El director del Sistema de Atención Integral del Interior de Salud Pública, Baltasar Aguilar, reconoció que el servicio puede no ser del todo normal luego de la renuncia de dos médicos e informó que enviará dos sustitutos este mes.

Por cuatro muertes

La Justicia investiga cuatro casos analizados por el Tribunal de Etica de la Federación Médica del Interior (FEMI) y denunciados por Salud Pública. El dictamen de la Federación, basado en historias clínicas, estableció que el doctor Diego Magga "suministró medicación (morfina), con el propósito de causar la muerte" de los pacientes Adela Ríos, Ramona Matto, José Ilarra, y Héctor Tejera. "Los tres primeros eran enfermos no terminales e incluso, en algún caso, cursando patologías reversibles", explica el dictamen de la Federación.

Defensa

Dice que hubo un "linchamiento público". Cientos de médicos testificarán a favor de Magga

Cronologia

MARZO 2005. Diez días después de que Marta Zerbino asumió la dirección del Hospital de Libertad separó al doctor Diego Magga de su puesto, porque consideró que cometía irregularidades como visitas a pacientes internados después de las 21 horas y dar altas durante la noche. Magga se sintió ofendido por la destitución. Denunció a Zerbino ante la Gremial Médica de San José y el Tribunal de Etica de la Federación Médica del Interior (FEMI). En el marco de esa investigación la Gremial citó a Zerbino, quien denunció que Magga había suministrado dosis letales de morfina a nueve enfermos no terminales.

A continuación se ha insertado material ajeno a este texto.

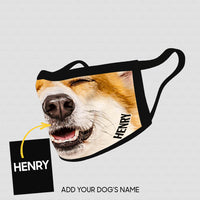 Thumbnail for Personalized Dog Gift Idea - Yellow Corgi With Sleepy Eyes Zoom In For Dog Lovers - Cloth Mask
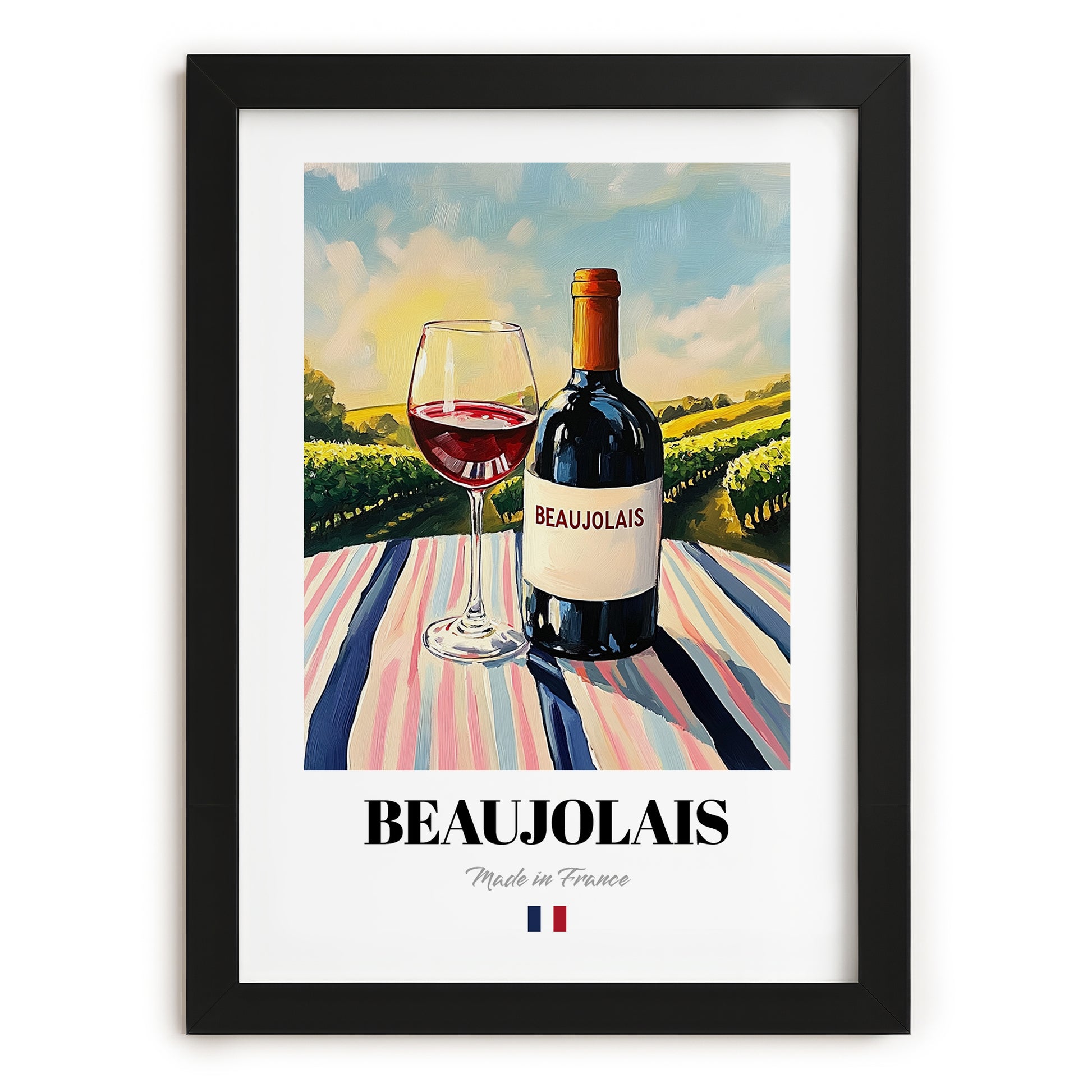 Beaujolais – French Red Wine, Vinoteca Wall Art, in sleek black frame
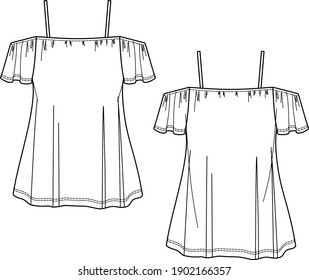 Vector opened shoulder blouse sketch, women top fashion CAD, tank top technical drawing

29 DE JUNIO 2005. La Gremial presenta una nota a FEMI.

AGOSTO 2005. El Ministerio de Salud Pública (MSP) decidió que Zerbino había actuado incorrectamente al separar a Magga preventivamente de su cargo, porque aún no había resultados de la investigación iniciada. Por eso Magga podía seguir atendiendo. Ese mismo mes Zerbino denunció a Magga ante el MSP. Desde la denuncia, Salud Pública hizo una investigación administrativa que culminó con un sumario. Allí se resolvió que Magga "deberá ser separado del cargo".

14 DE JULIO 2006. El Tribunal de Etica de la FEMI decidió expulsar a Magga de la institución. En su dictamen decidió elevar los antecedentes al MSP, por considerar que había transcurrido un "extenso lapso" desde que ese Ministerio tomara conocimiento del tema.

AGOSTO 2006. En la primera semana de agosto, al recibir el fallo de FEMI, el MSP realizó una denuncia penal. De todos modos la Justicia ya estaba investigando a pedido del fiscal Ariel Cancela que actuó de oficio.

9 DE AGOSTO 2006. Empezaron las actuaciones judiciales en el juzgado de San José con la declaración de la directora Zerbino. También pasaron por el Juzgado autoridades de Asse, FEMI y personal del hospital de Libertad.

19 DE AGOSTO 2006. Unos 2.000 vecinos realizaron una marcha en apoyo al médico.

21 DE AGOSTO 2006. La abogada defensora de Magga, Hebe Martínez Burlé, anunció que su defendido declarará ante la Justicia en setiembre.